I was at the wedding reception until about 11PM Friday night. I had a slight low of 72 with great tiredness around 9PM and treated it with regular root beer then nibbled on M&Ms the rest of the night before going home. I didn't test after treating the low, figuring that about 6 ounces of regular soda would cover it, and I didn't test before I went to bed at 12:30. Man, I was just super tired and exhausted and hadn't drank (but for a glass of wine for the toast) so I wasn't worried about my sugar dropping low again.
I should have known better when I woke up at 5AM needing to use the bathroom. As I opened my bedroom door I was physically startled by all the people in my living room and the photographers from the wedding were waiting for me to rise and open a new roll of toilet paper.
- click- click- click -
"Just act like we aren't here!" exclaimed photographer A as I stumbled, confused, into my bathroom.
Okay, I guess its always fun to have a sun rise shot of the maid of honor, in her PJs, opening a new roll of toilet paper for a wedding album. I think to myself. Wait...that makes NO SENSE.
I finish going to the bathroom and slowly open the bathroom door and again its as though the wedding reception was continuing in my living room. It isn't even my wedding!
Now I am getting scared. I stumble over to the sofa in my living room and sit down looking out the window at the rising sun. Its so pretty, I think to myself, I would want sunrise pictures in my wedding album. But Taylor wouldn't, I don't think, so what is going on? I sat there for a few more minutes until the people faded and my living room was vacant. Slowly, I begin to remember that before I awoke to use the bathroom I was dreaming about the wedding. Ahhh, that must have been why I was startled when I went to the bathroom, I wasn't fully awake. And with that conclusion I drifted back to bed.
Jason asks me, "Did you test?"
"Yea it was 138."
But I didn't test. In the dream before going to the bathroom I tested, because at the wedding I tested and it was 138.
An hour and a half later I am having another crazy dream with Jason, Krystle (my sister) trying to figure out what was wrong with me and Nick (Krystle's future fiance) coming downstairs to see whats wrong.
"Amber's having a seizure" she says.
Nick leaves.
Its all a dream, I think, its all a bad dream.

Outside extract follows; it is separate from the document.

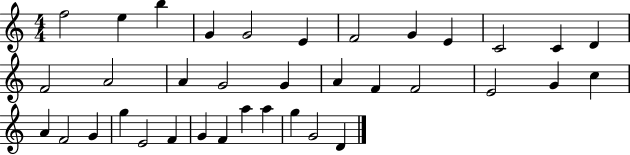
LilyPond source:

Jason and Krystle are trying to find my meter and get the test strips. The code is different on the meter than the test strip vial.
"Amber how do you change the code?"
It's really easy guys,"Use the arrows." I think or say or a combination of both (I later was told I only said what I put in quotes).
They figured out the code, and were ready to test my glucose. She asks me what finger I want them to use. I don't respond so she takes my ring finger from my left hand, it used to be the only finger I tested with until recently. As she readies the poker I tell her, "No," and switch to the new testing finger, my middle finger, on my left hand. I don't remember that part but I do remember the reading - 63.
Jeeze guys, thats fine! Just get me some juice. What was all the big fuss about?
Then something becomes more real to me.
"What just happened?"
"You had a seizure. We gave you Glucagon."
Krystle is reading the long instructions from the glucagon kit frantically and talking aloud about how she isn't sure if I am supposed to go to the ER or not; Jason looks a little irritated but calmer than he was in my crazy dream.
"It says she needs something with actual carbs in it so she doesn't drop low again." Krystle says then shes gone and what feels like a moment later she is handing me a glass of chocolate milk telling me, "Drink."
I don't remember getting the shot but I remember parts, why do I remember parts? Why isn't my tongue all bitten and swollen? How did that happen? None of it makes sense.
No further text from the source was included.